Le monde a changé. La Suisse en subit aussi les conséquences. La preuve: le silence total de la communauté internationale autour de ce qui demeure l'ultime tentative de formuler une paix durable à deux États: l’Initiative de Genève de décembre 2003. La Confédération elle-même a admis que ce texte n’était plus valide, et a pris ses distances en août 2023 en cessant de financer les efforts pour la maintenir en vie, jugeant que «le moment est venu d’adopter une autre approche plus innovante et plus efficace».
Laquelle? Peut-on estimer encore possible une médiation helvétique alors que le Département fédéral des affaires étrangères (DFAE) a annoncé en 2022 le déplacement de ses activités de coopération pour les Palestiniens de Jérusalem-Est à Ramallah? Le manque de soutien des pays arabes et l’obstination des gouvernements israéliens successifs à considérer ce texte issu de la société civile, ont fini par le tuer.
Et maintenant?
Les divisions entre les 27 lors du sommet européen de mardi sont assurées d’émerger de nouveau les 25 et 26 octobre, lorsque leurs dirigeants se retrouveront à Bruxelles. «Premier partenaire d’Israël sur le plan commercial, mais aussi premier donateur au monde pour l’aide humanitaire aux Palestiniens, l’UE pourrait peser sur les deux parties. Encore faudrait-il le vouloir et, surtout, savoir quoi faire?» tranche un diplomate en poste dans la capitale belge.

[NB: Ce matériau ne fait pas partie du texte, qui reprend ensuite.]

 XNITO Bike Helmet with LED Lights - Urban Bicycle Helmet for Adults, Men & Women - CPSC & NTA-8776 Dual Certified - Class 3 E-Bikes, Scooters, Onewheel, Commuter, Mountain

Les répercussions terroristes du conflit sur le sol européen, en Belgique et en France, font le reste. L’impuissance des Européens se double désormais d’une obsession: être aspirés par un conflit dont les protagonistes connaissent par cœur la vulnérabilité des pays du Vieux Continent, à huit mois des élections européennes du 6 au 9 juin 2024.